Fyctia
Chapitre 8
La chapelle se dresse devant moi, silhouette fantomatique sous la lumière blafarde de l’après-midi.
Je n’y suis jamais entrée.
Les villageois l’ont laissée là, trop attachés à leurs souvenirs pour la détruire, mais pas assez pour continuer à la fréquenter. Elle est figée dans un entre-deux, comme un vestige dont on ne sait que faire. La pierre est ternie par le temps, la porte de bois craquelle sous les assauts du vent. Je pousse doucement l’entrée. Elle grince, un son rauque et prolongé qui fait vibrer le silence.
L’intérieur est plus intact que je ne l’aurais cru. Un peu de poussière, des bancs en bois vieilli, un autel déserté. Un souffle glacé me traverse.
Je m’avance lentement, mes pas résonnant sur le sol. Je frôle du bout des doigts le dossier d’un banc, puis je m’assois.
Je ferme les yeux. J’imagine. Les chants en latin, la lumière des cierges projetant des ombres vacillantes sur les murs de pierre. Le bruissement des étoffes, le murmure des prières, le silence solennel avant l’élévation de l’hostie.
Anjali a vu cette messe.
A-t-elle été impressionnée ? Effrayée ? Fascinée ?
J’ouvre les yeux, chassant les images de mon esprit.
C’est à ce moment-là que je l’aperçois.
Un éclat métallique, à moitié dissimulé sous la poussière. Je me penche, tends la main, et ramasse un bracelet. Il est simple, une fine chaînette en argent terni, mais au centre, un petit médaillon gravé. Je le tourne lentement entre mes doigts, essuyant la surface du pouce jusqu’à ce que des lettres apparaissent sous la saleté accumulée.
E.V.
Je fronce les sourcils. Des initiales. Mais à qui ils appartiennent ?

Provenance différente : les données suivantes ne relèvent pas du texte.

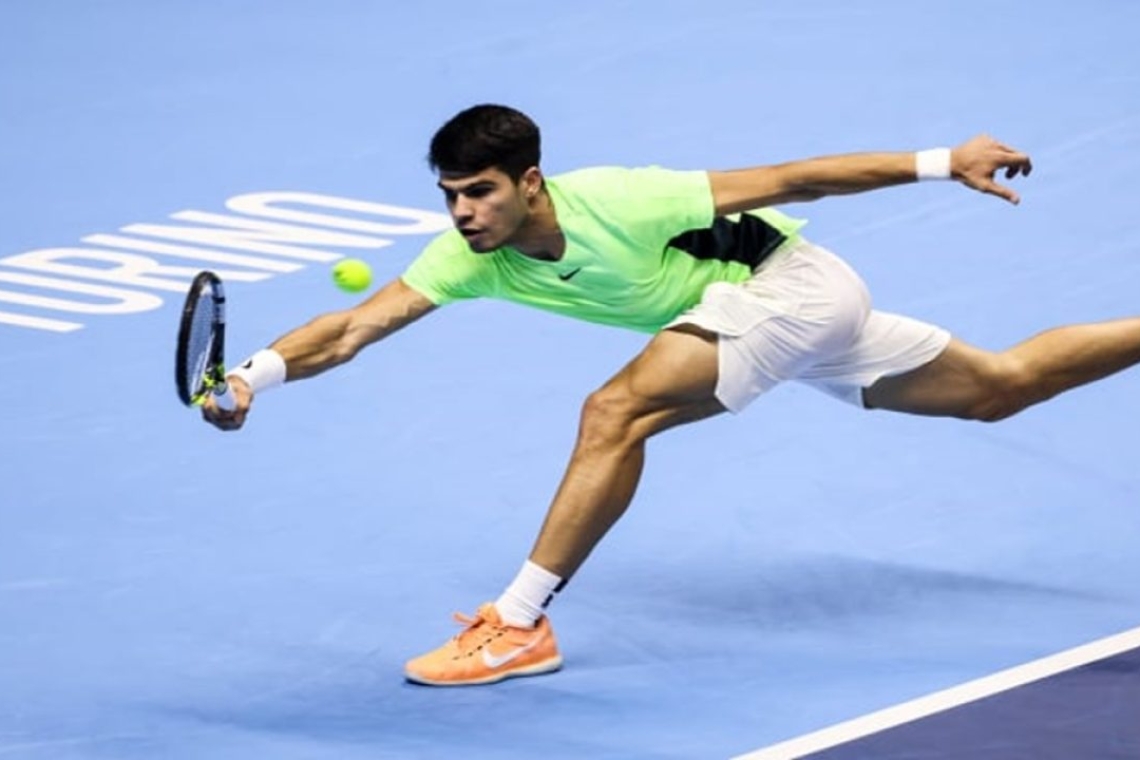 OMONDO SPORT - Tennis : Alcaraz se qualifie tranquillement pour les huitièmes de finale à Bercy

Je serre le bracelet dans ma paume avant de le glisser dans ma poche.
Il fait trop froid ici. Je me lève, prête à partir.
C’est là que tout bascule.
Mon pied glisse sur le sol humide, et avant que je ne puisse me rattraper, une douleur fulgurante explose dans ma cheville. Je lâche un cri, m’effondre sur le sol.
Je tente de me relever, mais la douleur est si vive que des larmes me montent aux yeux. Un frisson d’angoisse me traverse. La chapelle est loin du village. Personne ne sait que je suis ici.
Je serre les dents, inspire profondément, et essaie de nouveau. La brûlure me coupe le souffle. Mon corps bascule en avant.
Tout devient noir.
...
Une voix. Floue, inquiète. Puis un contact sur mon bras.
— Sanya !
Je fronce les sourcils.
Meera ?
J’ouvre difficilement les yeux. La lumière du jour me semble crue, agressive. Une silhouette se découpe devant moi.
Je plisse les paupières.
— Dev ?
J’ai un moment d’hésitation. Son visage est penché sur moi, son expression dure, sévère. Mais ce qui me frappe, c’est l’inquiétude dans ses yeux sombres.
— Qu’est-ce qui t’a pris d’aller te fourrer ici toute seule ? tonne-t-il.
Il se redresse et passe une main agacée dans ses cheveux. Il a l’air furieux.
— Tu es inconsciente ou quoi ? Si je n’étais pas passé par là, tu serais restée ici toute la nuit !
Je grimace. Pas tant à cause de ses reproches que de la douleur qui pulse dans ma cheville.
Dev s’interrompt. Son regard capte ma détresse.
Son expression change.
— Tu as mal où ? demande-t-il, plus doucement cette fois.
— Cheville… soufflé-je.
Il ne pose pas d’autres questions. Il s’accroupit à côté de moi et effleure ma jambe. Son toucher est plus délicat que je ne l’aurais imaginé.
— Tu peux marcher ?
J’essaie de bouger. Une grimace m’échappe. Dev secoue la tête.
Sans prévenir, il passe un bras sous mes jambes et l’autre dans mon dos avant de me soulever contre lui.
Je laisse échapper un hoquet de surprise.
— Dev ! protesté-je.
— Tais-toi.
Je reste figée. Son corps est chaud contre le mien, sa prise ferme et assurée.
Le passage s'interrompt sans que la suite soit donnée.